【質問】入院された患者の持参薬に前立腺肥大症の薬剤(ザルティア等)がありましたが、後日透析導入となりました。 そもそも、無尿である透析患者に前立腺肥大症の薬剤を継続する意義としてどういったものが考えられるでしょうか。
【A】透析患者が前立腺肥大症を併発している症例は多くみられます。透析患者において無尿でなく、尿量が継続されることもあり、尿意切迫感や残尿感の改善、尿路感染症の予防目的に前立腺肥大症の治療薬が使用されることがあります。以下に詳細を記載します。
・前立腺肥大症は50歳代からが多く、透析を行っている患者においても前立腺肥大症を併発しているケースがあります。

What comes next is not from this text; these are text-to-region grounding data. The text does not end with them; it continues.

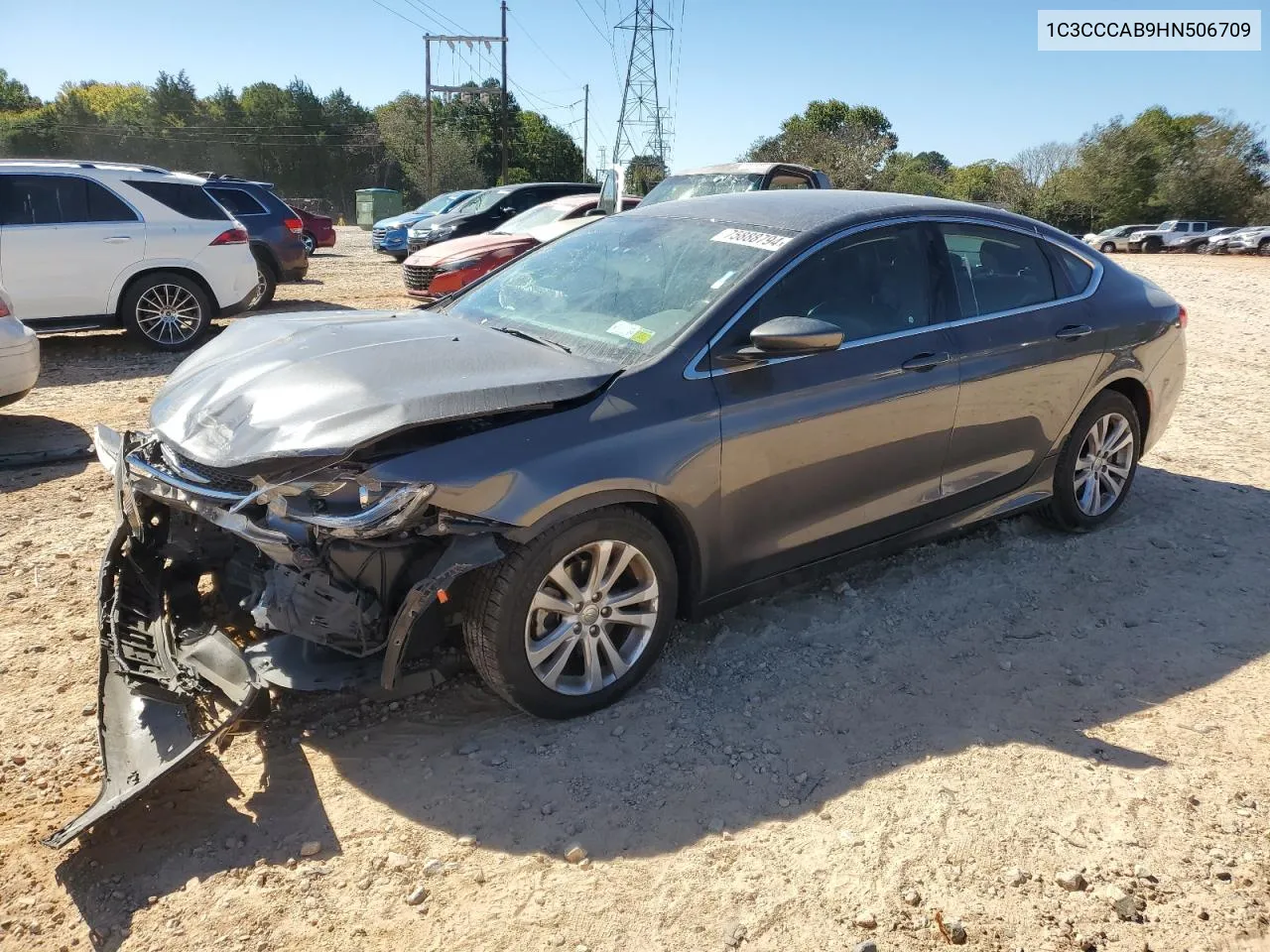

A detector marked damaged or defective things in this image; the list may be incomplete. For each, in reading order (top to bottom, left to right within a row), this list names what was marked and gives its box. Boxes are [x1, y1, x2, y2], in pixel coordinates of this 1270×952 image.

crumpled hood [401, 234, 531, 269]
crumpled hood [151, 309, 617, 469]
broken headlight [257, 474, 437, 540]
damaged gray sedan [47, 190, 1178, 848]
shattered front bumper [49, 426, 505, 848]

・一般的には、透析開始後の尿量は急速に減少します。最終的には無尿になりますが、透析開始後から無尿になるまでの経過期間は個人差があり、数年経過することもあります。よって、透析導入時には無尿ではないことが多くあります。
・無尿や乏尿であるにもかかわらず尿意感、尿意切迫感,残尿により繰り返す尿路感染症が報告されています。(腎と透析 70 : 975‒957, 2011)
・一般的に,透析を開始すると徐々に尿量が低下し乏尿や無尿となるため,前立腺肥大症の病態としての意義はないとされています。

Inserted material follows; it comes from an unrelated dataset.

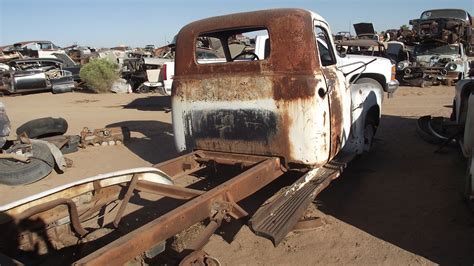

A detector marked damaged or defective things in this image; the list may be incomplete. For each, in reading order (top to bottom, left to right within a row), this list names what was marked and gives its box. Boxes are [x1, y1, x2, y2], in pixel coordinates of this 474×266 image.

(透析会誌 47 ( 7) : 447-451, 2014)。一方で、透析患者において腎機能が保存され、尿量が継続されることは、体液・電解質バランスの調整を促進し、栄養状態1)や生存率2)を高めることが報告されています。腎機能が大きく低下していても、無尿と比較して死亡リスクを低下させる3)ことも報告されています。

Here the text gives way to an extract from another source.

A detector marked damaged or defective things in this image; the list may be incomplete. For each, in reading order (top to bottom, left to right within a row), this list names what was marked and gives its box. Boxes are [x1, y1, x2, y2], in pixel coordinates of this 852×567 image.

1) Nephrol Dial Transplant. 15 (3) : 396, 2000 2) Nephrol Dial Transplant. 18 (5) : 977, 2003 3) Am J Kidney Dis. 38 (1) : 85, 2001・腹膜透析患者は血液透析患者と比較して、乏尿(自己申告の尿量が200mL/日未満)が65%低下したと報告もあり、透析の種類によっても尿量が異なります。(J Am Soc Nephrol 11 : 556, 2000)
・前立腺肥大症の治療はα遮断薬を中心とした保存的治療が選択されますが、起立性低血圧や透析中の血圧低下のリスクがあり、α遮断薬以外のザルティア等が選択されるケースもあります。